=== PROVIDED ENTRIES ===

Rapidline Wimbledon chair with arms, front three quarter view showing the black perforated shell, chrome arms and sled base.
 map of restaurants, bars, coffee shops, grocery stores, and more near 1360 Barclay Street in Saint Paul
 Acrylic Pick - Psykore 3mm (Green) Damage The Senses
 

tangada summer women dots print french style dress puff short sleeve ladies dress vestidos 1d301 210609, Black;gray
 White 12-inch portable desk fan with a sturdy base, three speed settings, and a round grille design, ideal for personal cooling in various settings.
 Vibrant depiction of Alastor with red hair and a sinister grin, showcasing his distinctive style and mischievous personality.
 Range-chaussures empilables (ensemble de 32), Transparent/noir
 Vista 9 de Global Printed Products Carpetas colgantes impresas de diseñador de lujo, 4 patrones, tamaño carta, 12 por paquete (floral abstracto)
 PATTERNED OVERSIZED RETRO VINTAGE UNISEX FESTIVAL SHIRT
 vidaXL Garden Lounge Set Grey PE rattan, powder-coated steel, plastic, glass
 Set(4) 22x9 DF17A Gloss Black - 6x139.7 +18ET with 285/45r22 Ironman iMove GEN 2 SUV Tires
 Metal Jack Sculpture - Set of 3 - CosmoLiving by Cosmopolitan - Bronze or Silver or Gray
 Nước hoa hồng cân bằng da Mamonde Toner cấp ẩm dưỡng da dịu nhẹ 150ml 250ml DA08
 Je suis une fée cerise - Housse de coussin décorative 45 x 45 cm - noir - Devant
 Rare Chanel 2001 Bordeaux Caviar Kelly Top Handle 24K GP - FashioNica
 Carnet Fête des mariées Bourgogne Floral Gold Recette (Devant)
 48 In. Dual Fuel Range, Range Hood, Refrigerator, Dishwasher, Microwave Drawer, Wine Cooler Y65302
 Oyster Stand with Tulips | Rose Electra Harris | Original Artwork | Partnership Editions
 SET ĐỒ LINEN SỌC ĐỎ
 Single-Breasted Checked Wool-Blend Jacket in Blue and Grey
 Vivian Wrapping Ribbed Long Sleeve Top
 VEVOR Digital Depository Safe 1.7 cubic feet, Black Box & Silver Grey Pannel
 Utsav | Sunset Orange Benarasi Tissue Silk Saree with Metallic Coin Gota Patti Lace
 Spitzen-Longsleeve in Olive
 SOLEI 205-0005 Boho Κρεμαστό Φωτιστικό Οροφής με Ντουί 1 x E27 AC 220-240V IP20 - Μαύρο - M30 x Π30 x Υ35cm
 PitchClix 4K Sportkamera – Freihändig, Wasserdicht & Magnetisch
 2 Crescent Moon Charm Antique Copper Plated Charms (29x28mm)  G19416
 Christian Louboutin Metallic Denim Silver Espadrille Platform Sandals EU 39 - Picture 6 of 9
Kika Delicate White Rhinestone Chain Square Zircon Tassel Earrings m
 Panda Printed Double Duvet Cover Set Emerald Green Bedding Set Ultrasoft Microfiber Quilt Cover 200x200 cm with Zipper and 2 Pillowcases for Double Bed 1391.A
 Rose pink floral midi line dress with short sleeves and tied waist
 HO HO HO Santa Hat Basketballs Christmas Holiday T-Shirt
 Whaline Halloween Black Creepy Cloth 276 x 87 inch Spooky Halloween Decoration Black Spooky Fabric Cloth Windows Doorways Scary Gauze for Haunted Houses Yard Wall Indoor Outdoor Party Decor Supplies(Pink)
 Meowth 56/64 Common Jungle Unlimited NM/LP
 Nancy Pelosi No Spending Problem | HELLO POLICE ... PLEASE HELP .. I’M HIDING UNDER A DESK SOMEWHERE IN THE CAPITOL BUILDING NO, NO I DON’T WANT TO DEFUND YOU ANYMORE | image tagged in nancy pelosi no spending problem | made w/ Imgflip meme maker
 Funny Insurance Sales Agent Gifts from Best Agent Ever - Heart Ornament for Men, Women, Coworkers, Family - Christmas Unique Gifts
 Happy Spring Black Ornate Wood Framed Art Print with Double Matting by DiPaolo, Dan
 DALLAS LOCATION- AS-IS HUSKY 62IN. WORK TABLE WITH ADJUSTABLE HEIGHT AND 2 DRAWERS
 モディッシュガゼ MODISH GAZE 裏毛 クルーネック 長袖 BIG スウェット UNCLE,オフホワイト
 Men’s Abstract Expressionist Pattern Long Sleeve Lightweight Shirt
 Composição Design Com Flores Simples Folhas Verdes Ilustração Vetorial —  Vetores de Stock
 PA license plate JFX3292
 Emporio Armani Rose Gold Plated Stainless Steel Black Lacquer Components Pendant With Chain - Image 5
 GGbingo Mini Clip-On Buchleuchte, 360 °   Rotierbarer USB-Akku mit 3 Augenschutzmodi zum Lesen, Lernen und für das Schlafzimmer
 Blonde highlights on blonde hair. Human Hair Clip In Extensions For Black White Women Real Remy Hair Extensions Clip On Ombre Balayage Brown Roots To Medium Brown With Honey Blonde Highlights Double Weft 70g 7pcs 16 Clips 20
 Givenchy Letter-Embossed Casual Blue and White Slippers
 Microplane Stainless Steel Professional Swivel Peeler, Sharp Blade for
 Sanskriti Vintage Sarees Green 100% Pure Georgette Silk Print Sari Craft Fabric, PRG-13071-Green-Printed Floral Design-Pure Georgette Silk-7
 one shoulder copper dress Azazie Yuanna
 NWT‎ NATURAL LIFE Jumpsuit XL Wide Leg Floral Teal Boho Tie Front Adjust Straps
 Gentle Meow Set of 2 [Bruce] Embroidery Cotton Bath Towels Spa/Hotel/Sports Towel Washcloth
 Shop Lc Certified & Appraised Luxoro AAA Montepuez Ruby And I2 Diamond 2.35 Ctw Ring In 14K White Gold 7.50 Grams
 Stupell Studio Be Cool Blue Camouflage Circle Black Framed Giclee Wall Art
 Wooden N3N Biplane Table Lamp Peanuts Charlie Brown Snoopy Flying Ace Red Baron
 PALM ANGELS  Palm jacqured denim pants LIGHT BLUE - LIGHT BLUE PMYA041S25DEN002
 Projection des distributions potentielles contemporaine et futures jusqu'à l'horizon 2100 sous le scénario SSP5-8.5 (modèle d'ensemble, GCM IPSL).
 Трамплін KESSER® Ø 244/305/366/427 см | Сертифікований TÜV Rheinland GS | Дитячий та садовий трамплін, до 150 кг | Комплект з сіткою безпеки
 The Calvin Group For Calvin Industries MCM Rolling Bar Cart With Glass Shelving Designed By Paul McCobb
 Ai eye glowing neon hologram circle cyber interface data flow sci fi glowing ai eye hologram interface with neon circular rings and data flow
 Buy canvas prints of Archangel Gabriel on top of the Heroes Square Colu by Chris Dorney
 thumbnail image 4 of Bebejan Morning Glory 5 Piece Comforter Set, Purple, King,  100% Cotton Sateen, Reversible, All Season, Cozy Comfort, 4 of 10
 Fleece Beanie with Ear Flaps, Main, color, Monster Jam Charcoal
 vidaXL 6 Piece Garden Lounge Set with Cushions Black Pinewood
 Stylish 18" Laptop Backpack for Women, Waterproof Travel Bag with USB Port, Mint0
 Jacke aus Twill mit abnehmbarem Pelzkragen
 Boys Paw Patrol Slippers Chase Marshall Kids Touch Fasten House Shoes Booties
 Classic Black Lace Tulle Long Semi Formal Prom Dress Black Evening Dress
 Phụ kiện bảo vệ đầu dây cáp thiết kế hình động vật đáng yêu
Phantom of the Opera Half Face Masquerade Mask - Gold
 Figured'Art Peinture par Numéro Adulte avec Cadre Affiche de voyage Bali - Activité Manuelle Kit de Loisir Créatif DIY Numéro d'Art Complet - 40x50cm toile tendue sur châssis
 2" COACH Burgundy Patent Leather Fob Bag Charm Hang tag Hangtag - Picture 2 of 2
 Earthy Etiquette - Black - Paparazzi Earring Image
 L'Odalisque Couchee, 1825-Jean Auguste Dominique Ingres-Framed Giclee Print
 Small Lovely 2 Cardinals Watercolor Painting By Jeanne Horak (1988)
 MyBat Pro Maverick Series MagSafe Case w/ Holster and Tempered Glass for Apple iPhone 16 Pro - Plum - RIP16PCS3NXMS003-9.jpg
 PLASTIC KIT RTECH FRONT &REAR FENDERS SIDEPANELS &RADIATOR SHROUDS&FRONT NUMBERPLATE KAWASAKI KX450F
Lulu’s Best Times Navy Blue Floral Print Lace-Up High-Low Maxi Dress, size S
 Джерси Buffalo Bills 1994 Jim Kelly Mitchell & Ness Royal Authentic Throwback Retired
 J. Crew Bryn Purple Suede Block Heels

===

TASK PROMPT: Lines from the top of the entries through the line with "Vibrant depiction of" are to be transcribed exactly, and nothing more.

FINAL ANSWER:
Rapidline Wimbledon chair with arms, front three quarter view showing the black perforated shell, chrome arms and sled base.
 map of restaurants, bars, coffee shops, grocery stores, and more near 1360 Barclay Street in Saint Paul
 Acrylic Pick - Psykore 3mm (Green) Damage The Senses
 

tangada summer women dots print french style dress puff short sleeve ladies dress vestidos 1d301 210609, Black;gray
 White 12-inch portable desk fan with a sturdy base, three speed settings, and a round grille design, ideal for personal cooling in various settings.
 Vibrant depiction of Alastor with red hair and a sinister grin, showcasing his distinctive style and mischievous personality.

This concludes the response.